Yadira Vieyra is a Cristo Rey alum from the class of 2007. Yadira was chosen as one of five people to represent the United States at the Synod on Young People in Rome this October. We hope you will join us in sending Yadira our prayers as she participates in important conversations addressing relevant issues in lives of today’s youth. Yadira will be sharing updates with the Cristo Rey community here on this blog.
“Hope challenges us, moves us and shatters that conformism which says, ‘it’s always been done like this’. Hope asks us to get up and look directly into the eyes of young people and see their situations. This same hope asks us to make efforts to reverse situations of uncertainty, exclusion and violence, to which our young people are exposed. Having been formed by so many choices taken in the past, young people now call us to join them in facing the present with greater commitment and to work against whatever prevents their lives from growing in a dignified way. They ask us and demand of us a creative dedication, a dynamism which is intelligent, enthusiastic and full of hope. They ask us not to leave them alone in the hands of so many pedlars of death who oppress their lives and darken their vision.” With that message of hope and joy, Pope Francis celebrated the opening Mass of the Synod of Bishops last Wednesday. He reminded all of us of the young Jesus and called for all synodal Bishops to remember that they, too, were once young as they listen to our youth’s request for a church that listens and ministers to the needs they face today. After mass, Pope Francis greeted the crowd seated at the top of the steps to Saint Peter’s Basilica. I was blessed the with the opportunity to hold his soft hand tightly until I was forced to let go. It was brief but beautiful.
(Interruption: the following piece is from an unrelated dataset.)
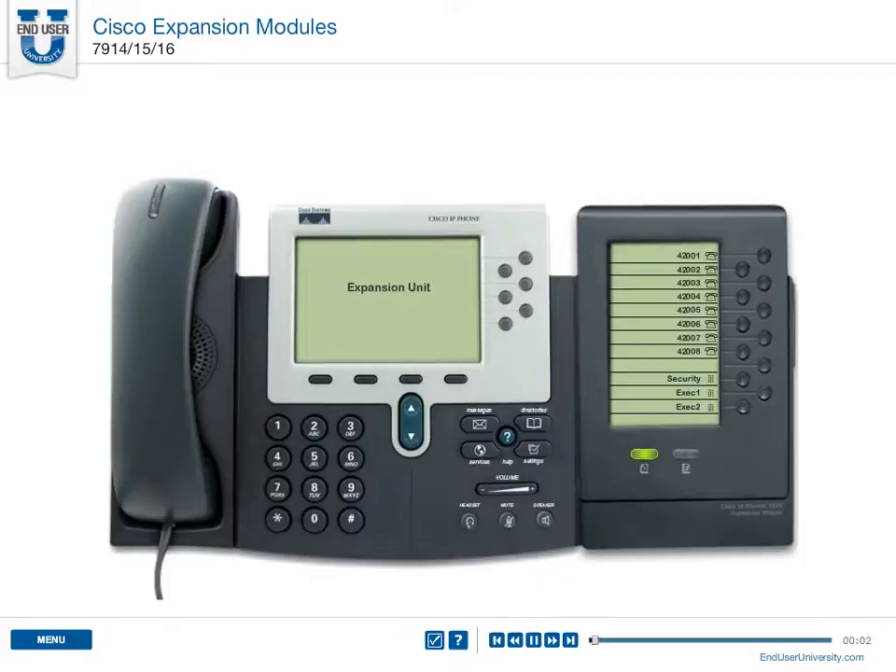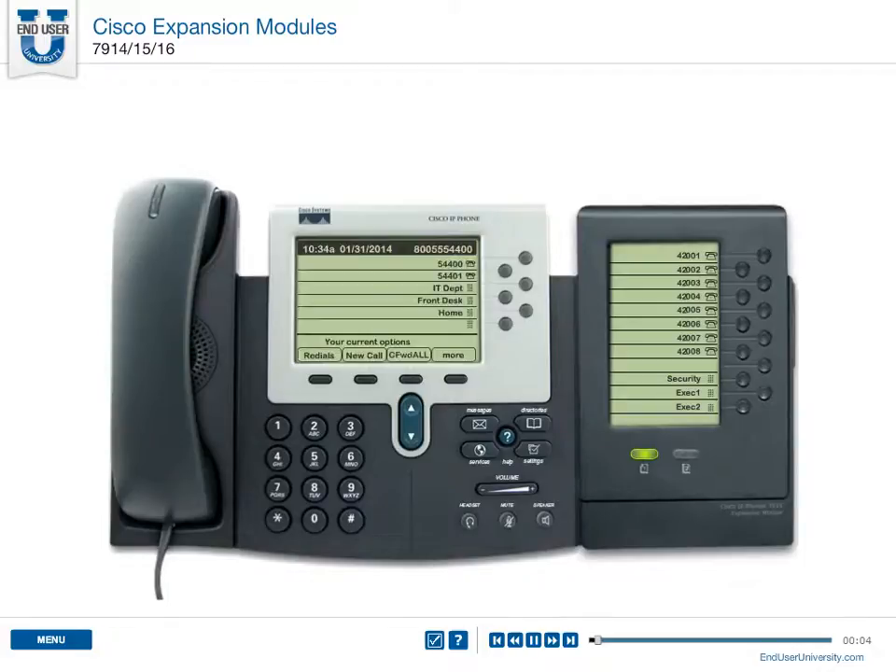The optional expansion module provides additional line appearances or speed dials to the standard 7960 series phone set. There are a few different expansion packs with minor differences, and you can use up to two expansion modules per phone.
Later that afternoon, we had our first synodal meeting. The pope surprised every participating member with an individual handshake as we entered the hall. After nervously awaiting my turn, I shook Pope Francis’ hand and said, “Santo Padre, Gracias por traerme hasta Roma. Estoy lista para servir con usted”. Having Pope Francis smile and look me in the eyes as he greeted me is one of my favorite memories of the synod thus far.
Our synodal meetings have centered on bishops and auditors sharing 4-minute argumentative discourses before the synodal members, addressing a particular topic in the Instrumentum Laboris: Young People, the Faith and Vocational Discernment - the document that was written after a group of youth convened in March during the Pre-synod. The Instrumentum Laboris is a comprehensive document that addresses aspects that impact our youth today: family, technology, peer relationships, globalization, education, social engagement, etc. The presentations have been riveting, emotional, and some, fairly controversial. Cristo Rey has been present during some of our discussions.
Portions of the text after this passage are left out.